MORNING VIEW: Base metals prices consolidate in quiet conditions as China celebrates Lunar New Year

With markets in China and much of Southeast Asia closed on Thursday February 11 ahead of Lunar New Year, trading on the London Metal Exchange this morning has been quiet with the base metals ranged between being down by 0.3% and up by 0.2%.

  • The US Dollar Index remains on a back foot
  • US 10-year treasury yields were weaker than they were at the start of the weak

Base metals
The three-month base metals prices on the LME were mixed this morning but generally consolidating recent gains and in high ground, with zinc and to a lesser extent lead, still some way below recent highs. Copper ($8,288.50 per tonne) was up by 0.2% and aluminium ($2,071 per tonne) was up by 0.1%, zinc was little changed at $2,728.50 per tonne, while the rest were down by around 0.3% – see table below for more details.

Volume has been very low, not surprising with Chinese markets closed, with 1,269 lots traded as at 7.03am London time, compared with a more normal level of around 6,500 lots at similar time of day.

Precious metals
Platinum continues to be the precious metal in the spotlight; it is up by 1.8% at $1,257.20 per oz compared with the previous day’s close and is up by 16.8% since the start of the month. Silver was up by 0.7% this morning at $27.19 per oz, gold was little changed at $1,842.64 per oz and palladium was off by 0.3% at $2,357.20 per oz.

Wider markets

The yield on US 10-year treasuries has edged lower and was recently quoted at 1.14% this morning, down from 1.2% at the start of the weak.

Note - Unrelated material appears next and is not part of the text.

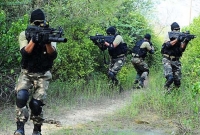 পাকিস্তানের সামরিক খাতে ৭৩ শতাংশ ব্যয় বাড়িয়েছে ইমরান খান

Asian-Pacific equities were mostly closed this morning, of those we follow only the ASX 200 (-0.1%) was open.

The US Dollar Index is on a back foot and recently quoted at 90.37, down from its recent high at 91.60 from February 5.

The other major currencies were holding on to recent gains this morning: the euro (1.2126), the yen (104.58), the Australian dollar (0.7745) and sterling (1.3841).

Key data
Data already out on Thursday showed German wholesale prices jumped by 2.1% month on month in January, after a 0.6% rise in December.

Out later, there is US data on initial jobless claims, mortgage delinquencies and natural gas storage.

In addition, the European Union will release its economic forecast and the US Federal Reserve will release a monetary policy report.

Today’s key themes and views
The metals continue to look strong but key will be whether they can hold on to the gains, or build on them, with China on holiday. Based on the charts, it looks like most of the metals have broken out to the upside of sideways-to-downward continuation patterns that have lasted varying lengths of time. But with lower liquidity we should expect increased volatility until Chinese participants return to the market.

Gold prices have been rebounding within their sideways-to-down channel, silver and palladium prices are working higher, while platinum is going from strength to strength and is at levels not seen since 2015.